DATA FOR REVIEW -
####

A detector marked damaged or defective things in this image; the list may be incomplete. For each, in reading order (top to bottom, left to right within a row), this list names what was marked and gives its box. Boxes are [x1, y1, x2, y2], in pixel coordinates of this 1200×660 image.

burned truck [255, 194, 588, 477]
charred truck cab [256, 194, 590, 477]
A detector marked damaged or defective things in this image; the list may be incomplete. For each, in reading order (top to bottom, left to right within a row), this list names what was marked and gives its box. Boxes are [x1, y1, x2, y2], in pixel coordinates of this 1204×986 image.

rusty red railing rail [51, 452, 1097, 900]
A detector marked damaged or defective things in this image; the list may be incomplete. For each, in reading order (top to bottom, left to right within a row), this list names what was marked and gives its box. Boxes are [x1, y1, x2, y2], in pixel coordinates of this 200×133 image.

####

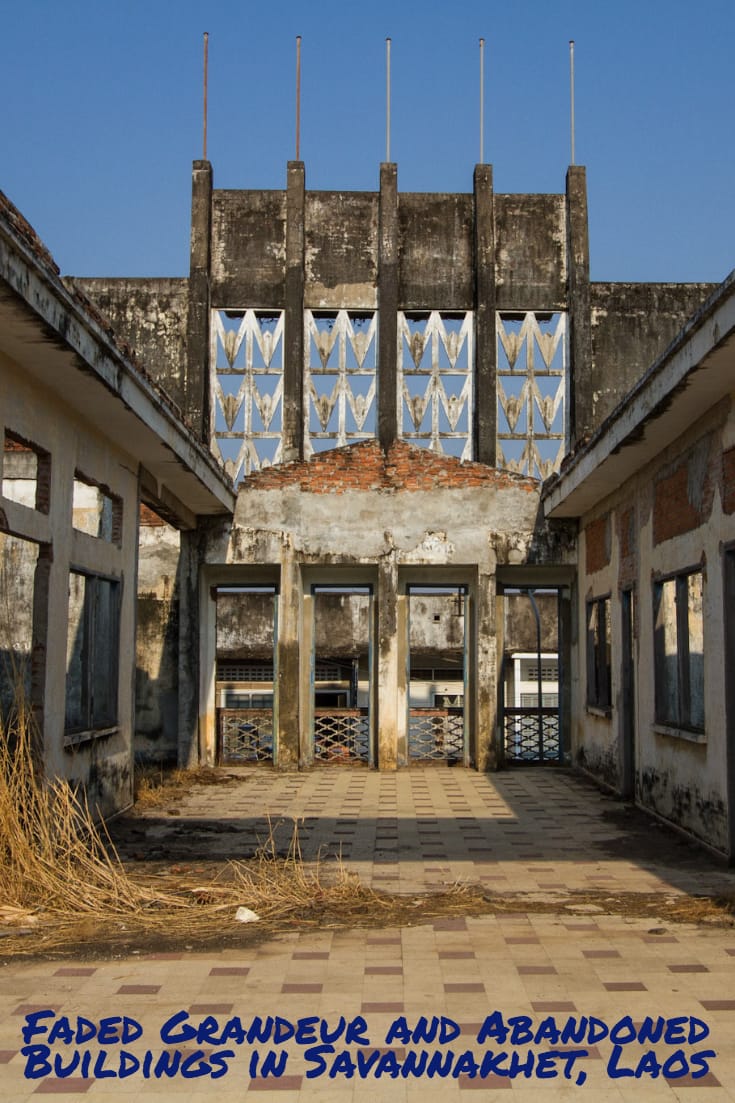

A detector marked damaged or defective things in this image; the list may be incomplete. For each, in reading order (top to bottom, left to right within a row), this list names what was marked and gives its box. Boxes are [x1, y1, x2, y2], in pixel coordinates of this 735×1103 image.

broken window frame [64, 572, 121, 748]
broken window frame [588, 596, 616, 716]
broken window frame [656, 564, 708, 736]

####

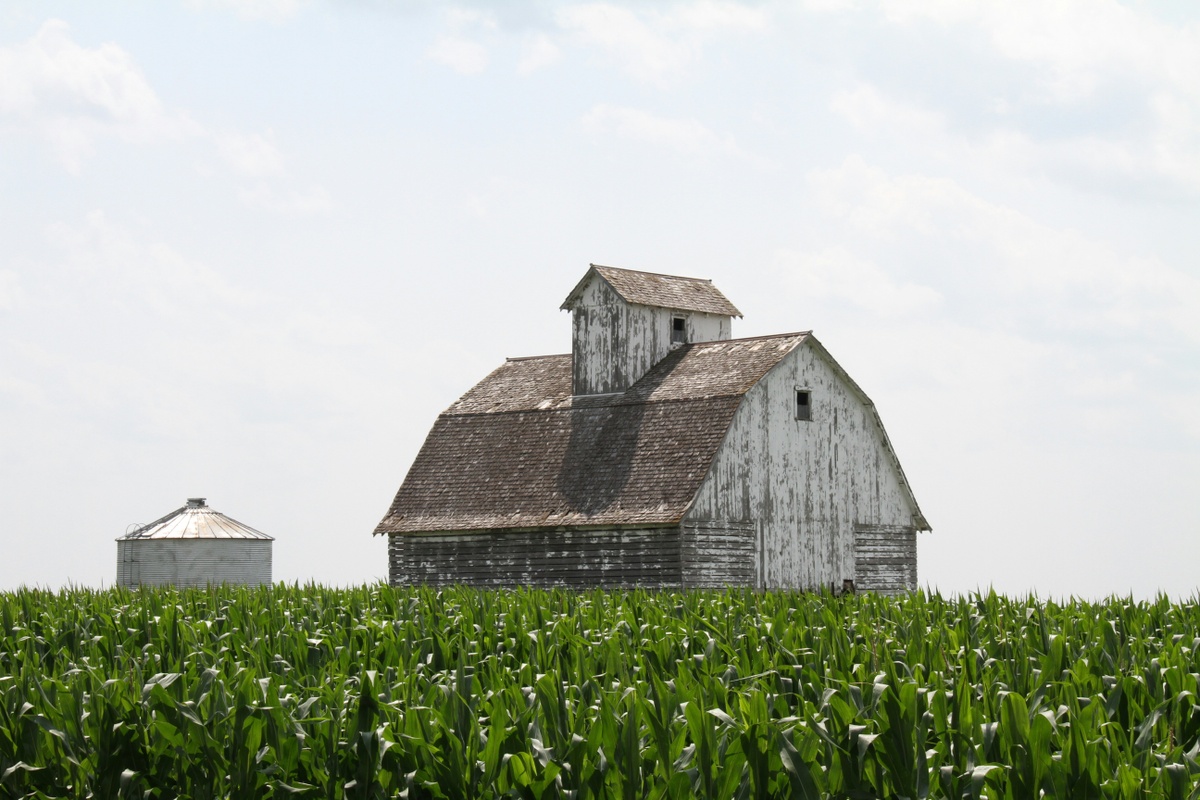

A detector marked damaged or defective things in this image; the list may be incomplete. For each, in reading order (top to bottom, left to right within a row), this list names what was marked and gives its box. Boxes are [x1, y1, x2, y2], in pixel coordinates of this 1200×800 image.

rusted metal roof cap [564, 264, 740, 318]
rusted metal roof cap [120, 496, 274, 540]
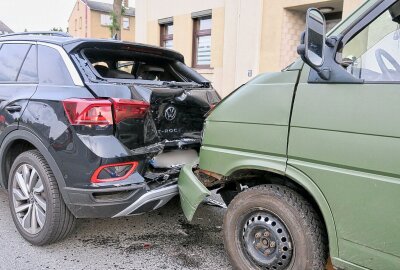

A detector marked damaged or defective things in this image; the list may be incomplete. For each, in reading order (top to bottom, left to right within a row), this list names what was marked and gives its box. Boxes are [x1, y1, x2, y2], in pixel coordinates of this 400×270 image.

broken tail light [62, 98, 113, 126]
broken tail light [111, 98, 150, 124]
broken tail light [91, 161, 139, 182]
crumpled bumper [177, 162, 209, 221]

####

WORK INSTRUCTIONS - The entries above hold the needed span. Transcribe exactly the lines from the one with "this 1204×986 image." to the one with "this 200×133 image.", both included.

SOLUTION FOR THIS TASK -
A detector marked damaged or defective things in this image; the list may be incomplete. For each, in reading order (top to bottom, left to right within a row), this list names what was marked and gives its box. Boxes are [x1, y1, x2, y2], in pixel coordinates of this 1204×986 image.

rusty red railing rail [51, 452, 1097, 900]
A detector marked damaged or defective things in this image; the list may be incomplete. For each, in reading order (top to bottom, left to right within a row), this list names what was marked and gives its box. Boxes are [x1, y1, x2, y2], in pixel coordinates of this 200×133 image.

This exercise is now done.